With these checkpoints in place, deploying code shouldn’t be scary. If every team member has written unit and integration tests that thoroughly cover the codebase and cement intended behavior, deploying should be boring.

Here’s the test: hire an entry level programmer today and tell them to push a minor change out to production tomorrow without minimal review or assistance. If that seems scary to you, try to figure out why. If they push and all tests are green, what could go wrong? What test coverage is missing? What other vulnerabilities exist? Make it automatic and make it impossible to mess up.

Secret #6 Understand Manual QA?

Disclaimer: The Central team didn’t necessarily have a dedicated QA team.
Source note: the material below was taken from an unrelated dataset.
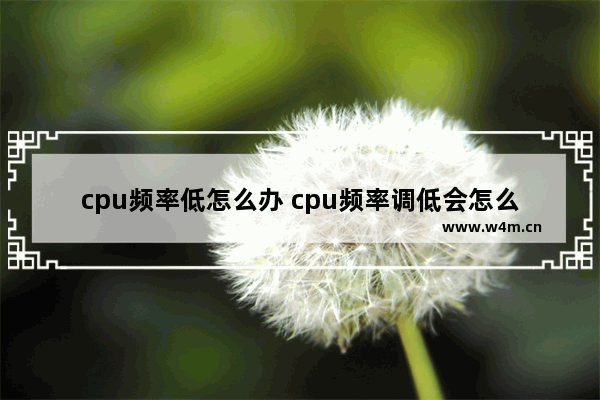 cpu频率低怎么办 cpu频率调低会怎么样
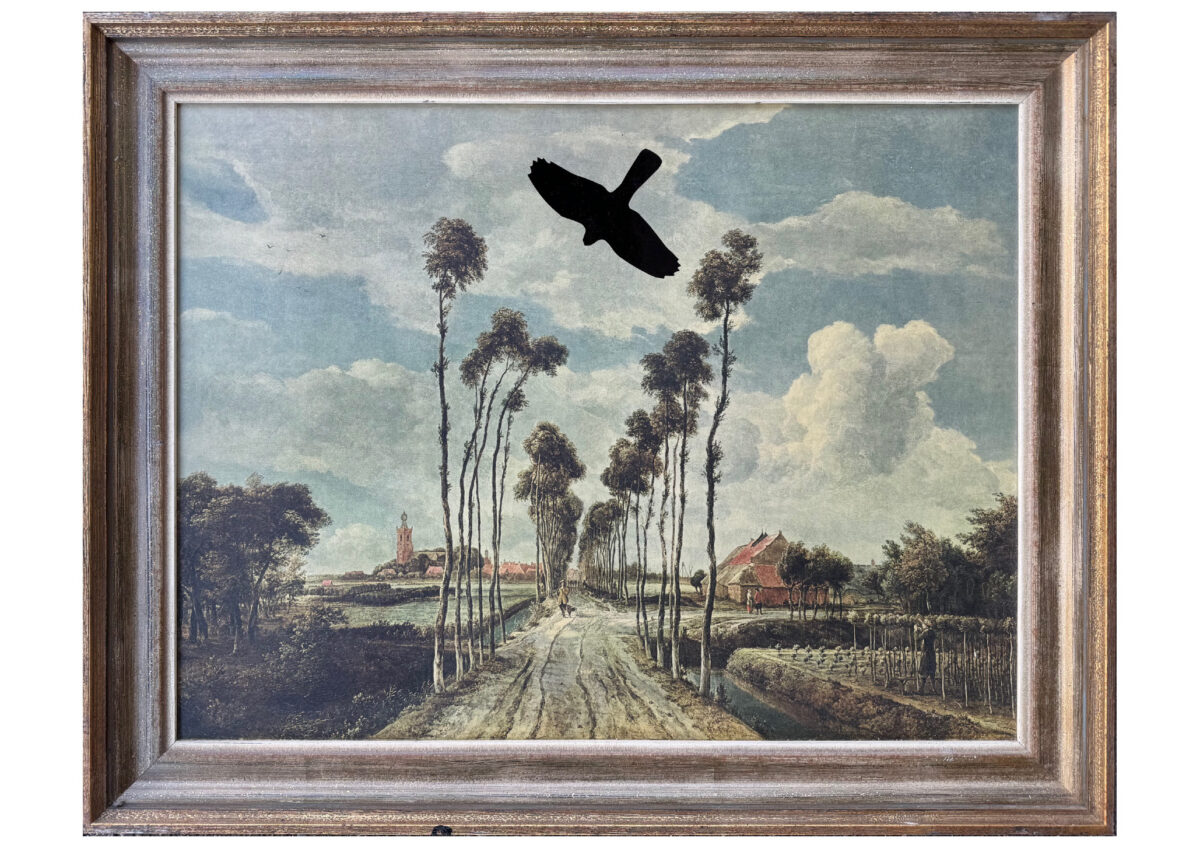 
Warning: Undefined array key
People like me who contributed to their code also used their code on our specific application teams. It was up to us to discuss and fix things that sucked from a usage standpoint since we were using our own tools as we made them, and manually testing them ourselves.

I’ve seen a number of companies use manual QA as a final safety net to catch bugs with no other testing in place, which is slow, expensive, and ineffective. In this environment they’re seen as ‘testers’ rather than ‘quality assurance’ since they are bogged down by bugs and spend most of their time reacting. If you’ve passed the test in Secret #5, then you live in a perfect world where anyone can push code and bugs never exist. What does manual QA do? They go beyond testing to also fully assure quality — both technical issues and non-functional aspects including productivity, ease of use and responsiveness.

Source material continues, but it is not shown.